Quatre jours après le renoncement de François Hollande à briguer un second mandat, Manuel Valls a annoncé lundi soir qu'il était "candidat à la présidence de la République", avec la volonté de "réconcilier" la gauche. Le peut-il vraiment ?

"Oui, je suis candidat à la présidence de la République", a enfin officialisé lundi 5 décembre dans son fief d'Évry Manuel Valls, affirmant par la même occasion qu'il quitterait dès ce mardi son poste de Premier ministre.

"J'ai cette force en moi, cette volonté de servir mon pays, c'est au-delà des mots, c'est une conviction totale, je veux tout donner pour la France", a-t-il ajouté. "Ma candidature est celle de la conciliation, elle est celle de la réconciliation", "je veux rassembler" la gauche, a lancé le candidat à la primaire de la gauche, derrière un pupitre sur lequel était écrit son nouveau slogan : "Faire gagner tout ce qui nous rassemble".

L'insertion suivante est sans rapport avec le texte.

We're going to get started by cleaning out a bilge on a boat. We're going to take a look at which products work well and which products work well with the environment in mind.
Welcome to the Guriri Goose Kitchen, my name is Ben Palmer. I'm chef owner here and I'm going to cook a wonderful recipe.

Mais le pari pourrait être plus difficile que prévu. Certaines figures fortes de la gauche ne sont pas forcément prêtes à le suivre. Un peu avant son discours, la maire de Lille Martine Aubry a mis en doute les capacités du chef de gouvernement à pouvoir "créer les conditions du rassemblement". "Je n'ai jamais cru en une gauche irréconciliable (...) Pour moi, il n'y a pas deux gauches ou alors, s'il y a deux gauches, c'est qu'il y en a une qui est devenue de droite". Un peu plus tôt, la responsable socialiste avait déclaré qu'elle soutiendrait "un candidat qui représente le cœur des valeurs du Parti socialiste". "C'est Manuel Valls?" lui a-t-on demandé. "Ce n'est pas évident, on va voir", avait-elle répondu avant de s'éclipser.

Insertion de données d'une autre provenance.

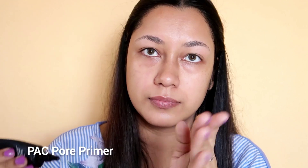Next, I will use this primer. I will use this primer for a long time, because I will use this makeup for a long time.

PAS DE SOUTIEN "AUTOMATIQUE" DES HOLLANDAIS

De leur côté, les fidèles de François Hollande ont fait savoir lundi après-midi à l'issue d'un déjeuner autour du ministre de l'Agriculture Stéphane Le Foll qu'il n'y aurait pas de de soutien "automatique" à la candidature de Manuel Valls. Étaient notamment présents, selon des tweets postés par les participants, le président du groupe PS à l'Assemblée Bruno Le Roux, les secrétaires d'État Martine Pinville, Clotilde Valter, Ségolène Neuville, Jean-Marc Todeschini, André Vallini, les députés Daniel Vaillant et Erwann Binet, les secrétaires nationaux du PS Rachid Temal et Yannick Trigance.

"Qui est le Manuel Valls qui parle, celui qui candidate ou celui qui a gouverné ? Il défend la démocratie sociale mais il a gouverné avec le 49.3, il défend le respect des citoyens mais il a fait la loi travail, il défend l'unité des gauches mais il a théorisé les gauches irréconciliables, il dit vouloir unifier mais il a porté la déchéance de nationalité", a dénoncé quant à lui son désormais adversaire Arnaud Montebourg.

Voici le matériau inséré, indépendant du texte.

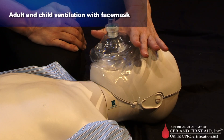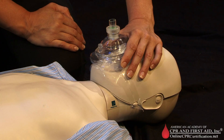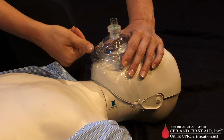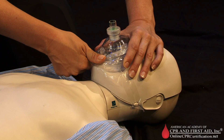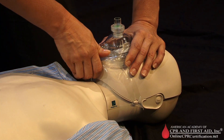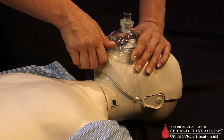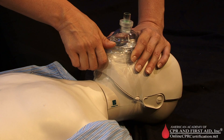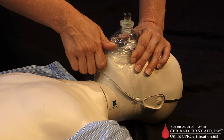Seal the mask on the face by placing your index finger and thumb closer to the top of the victim's head, forming a C shape along the edge of the mask, and press the thumb of the second hand along the bottom edge of the mask. Using the remaining fingers of your second hand along the bony margin of the jaw, lift the jaw to perform a head tilt, chin lift to open the airway. While you lift the jaw, press firmly and completely around the outside edge of the mask to seal the mask against the face.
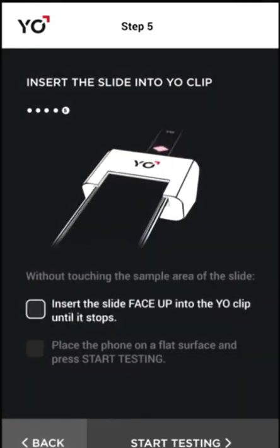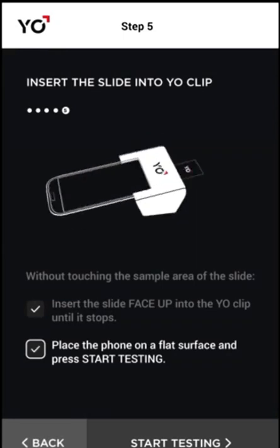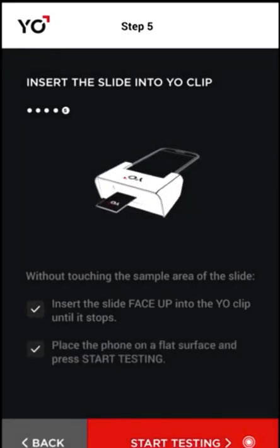Insert the prepared slide face up into the YO clip. Tap start testing.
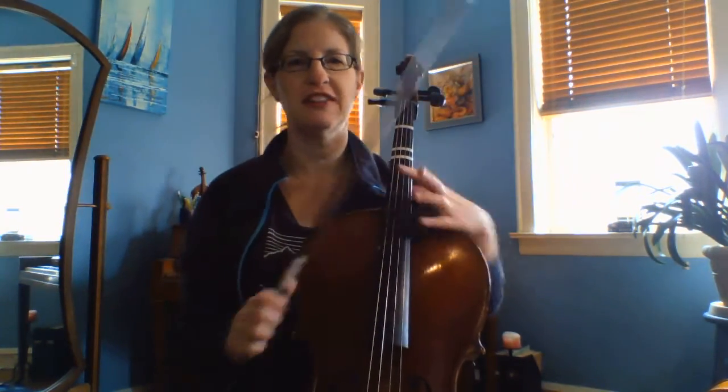Hi cello players! We've been learning some fun new music and so I wanted to play for you the Harry Potter theme — the main melody of Harry Potter.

Sur France Info, le député PS du chef Yann Galut a tenu le même discours : "Je crois qu'il n'est pas du tout le bon candidat pour rassembler la gauche. On peut reconnaître que le Premier ministre a fait un bon discours de gauche. Le problème, c'est que quand il était Premier ministre, il a fait tout le contraire. Il a divisé le groupe socialiste à l'Assemblée nationale. Il a divisé la gauche. Il a quand même théorisé les deux gauches irréconciliables".